### [What the task asks]
Once you reach the line containing "Park Tool Værktøj Paw-6 Adjustable Wrench" in the entries below, write out that line and each one after it down to the line containing "ECCO MENS Biom H4 BOA", exactly and with nothing added.

### [Data shown]
----

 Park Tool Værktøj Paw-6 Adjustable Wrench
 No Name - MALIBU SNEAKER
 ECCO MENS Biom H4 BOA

----

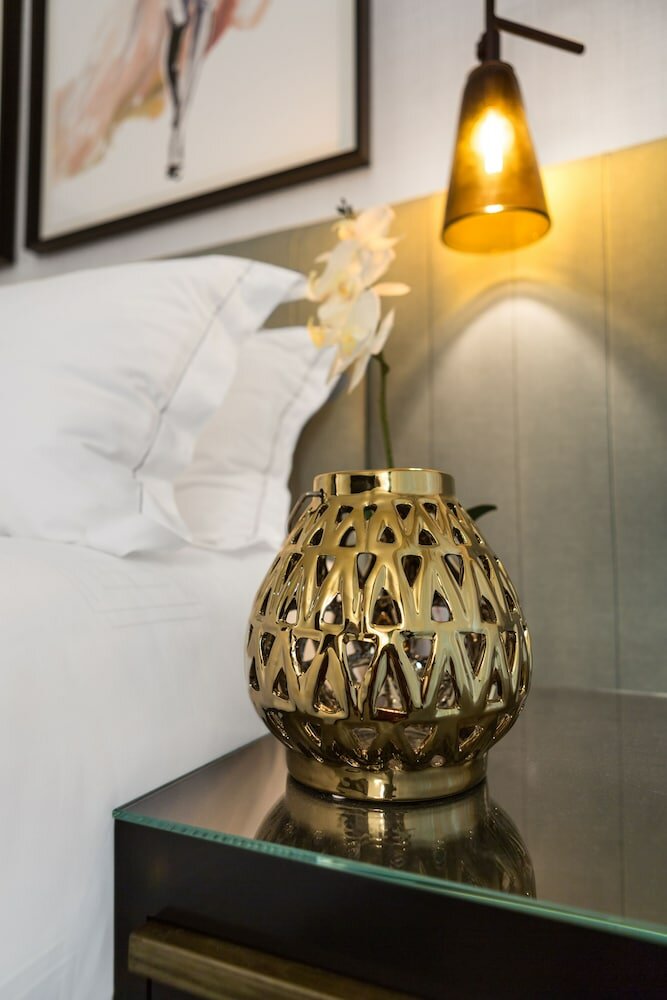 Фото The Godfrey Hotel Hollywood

----

### [Response box]
 Park Tool Værktøj Paw-6 Adjustable Wrench
 No Name - MALIBU SNEAKER
 ECCO MENS Biom H4 BOA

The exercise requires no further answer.